Agriculture in Kenya is a very integral part of the Kenyan economy. It is arguably almost the only means of livelihood for a large proportion of the Kenyan population and it is estimated that Kenya alone has over 7 million smallholder farming families. These are the people that feed the Kenyan urban population and they are the most vulnerable group to issues like market fluctuations, climate change, and agricultural policies.

Despite all the challenges these smallholder farmers face, they have been able to feed the Kenyan population and sustain a part of the export market. But how do they do this? Change is inevitable and without it there is no progress. Here are some of the changes that farmers have made in response to changing tides in agriculture.

Growing safe produce

Recently there has been a wave of cautious consumption by consumers who want to know what goes into their plates. In response to this farmers who understand and adapt to consumption trends have had to change in order to meet market demands.

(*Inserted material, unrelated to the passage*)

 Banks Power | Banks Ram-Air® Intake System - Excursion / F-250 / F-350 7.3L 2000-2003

With a large proportion of the population conscious about the kind of farming practices done on the food they consume, a percentage of farmers are ditching the old conventional agriculture for organic farming. Others have opted to learn more about global agricultural standards such as Globalgap to satisfy the international market.

Knowing and understanding soils

Precision agriculture has been a reserve for the big farms engaging in export markets but over time more and more smallholder farmers are taking up the practice in order to increase their productivity. In line with this more and more farmers are seeing the need for having their soil tested to understand their soils better. Traditionally, farmers have had the notion that when they are growing crops if they just use fertilizers production will increase. This continuous use of fertilizers have brought about problems with the soil hence the new move towards precision agriculture.

Value addition

Value addition is also a new aspect aimed at giving farmers more value for their farm produce. Farmers are increasingly opting to process farm produce for more premiums and higher farm gate prices. Value addition does not have to involve expensive complicated machines, it can be as simple as sun dried vegetables ground into powder then packed in simple polythene bags. Those with the economic muscle purchase processing equipment and are able to make processed final products which they sell to the final consumer if possible or the retailer thereby effectively edging out unscrupulous middle men.

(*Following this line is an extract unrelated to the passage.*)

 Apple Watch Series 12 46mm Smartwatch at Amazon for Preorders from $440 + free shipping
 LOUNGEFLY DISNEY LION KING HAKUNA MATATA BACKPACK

Unpredictable January rain

As you can tell there are many improvements and changes that have already taken place within farming in Kenya. However, many challenges remain, and one of the largest challenges is climate change.

Climate change is increasingly visible in Kenya and it plays a huge role in agriculture as it threatens production. Smallholder farmers depend on natural resources like rain, sunlight and soil for their production activities. These resources are adversely affected by climate change as indicated by the changing seasonal weather patterns and occurrences of both extreme weather events. The normal bi-annual rainfall pattern is under siege throwing amok farming plans and cropping calendars.

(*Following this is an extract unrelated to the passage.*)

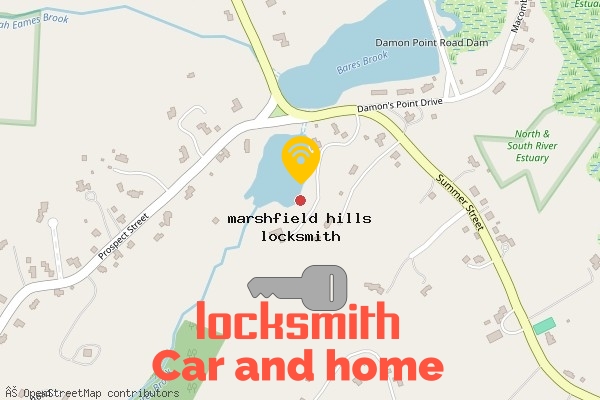 locksmith in marshfield hills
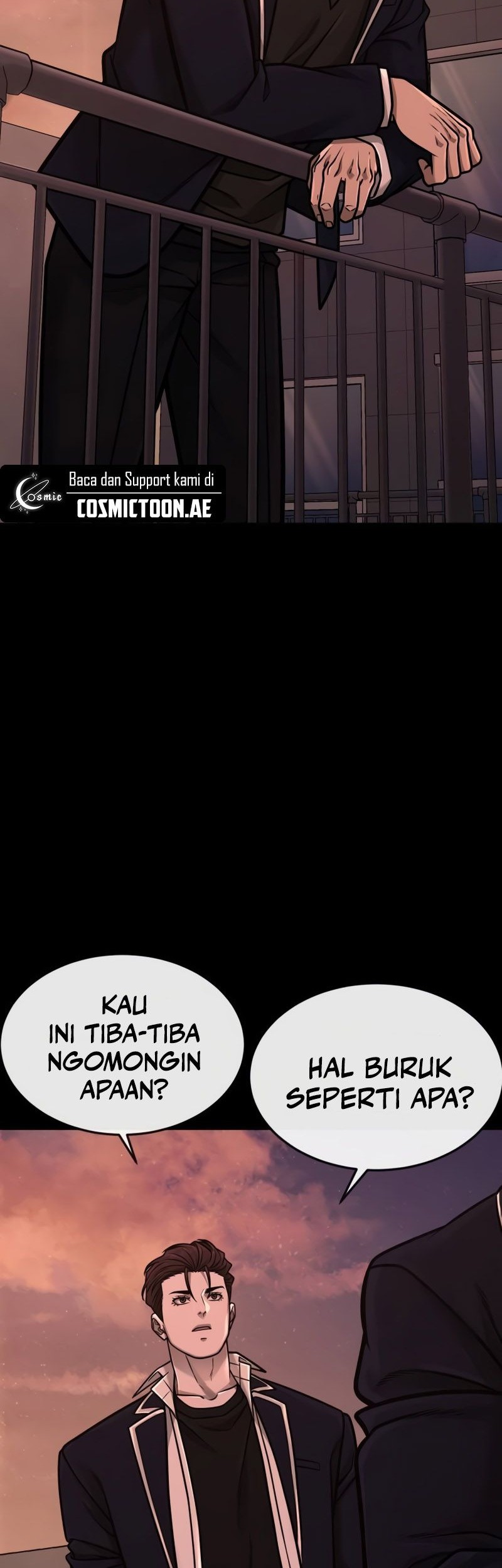 Baca Manhwa Quest Supremacy Chapter 169 Gambar 2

January is usually the month that farmers plough the land in preparation for the long rains but it wasn’t so this year. Kenya has experienced erratic rain in January that has either been too heavy or too little to sustain crop life.

These changing weather patterns greatly influence decision making at farm level. Just some of the decisions affected include crop / and or variety selection, timing of planting, timing of input application, harvesting stages, among others. In extreme cases some have had to make the decision of engaging in other income generating activities other than agriculture.

How information supports changing tides in agriculture

Information is absolutely vital in supporting all of the above changes in farming. With good information farmers can learn about new techniques, effective farming, correct farm inputs, new agricultural policies, new agricultural inputs, new crop varieties, climate change mitigation and more.

Not long ago, information on used to only reach the farmer via the traditional extension worker which resulted in a wide gap in dissemination of farmer related information. The Kenyan media has been quick to identify this gap and has aired farmer related programmes on TV and radio. But despite the presence of such programmes in mainstream media, mass media means of communication is one way and has limited or no feedback from farmers. It also tends to be too general and less focused.

As luck would have it Kenyan farmers now have a new agricultural information platform at their disposal; WeFarm. WeFarm is available in any mobile device that supports short message service, SMS and online via Farmers can ask questions and receive answers back from other farmers, creating a flexible system that is relevant for each individual’s unique farming situation.

Now, with WeFarm, and the determination of farmers across Kenya, I am hopeful that we will continue to feed our population, and the rest of the world.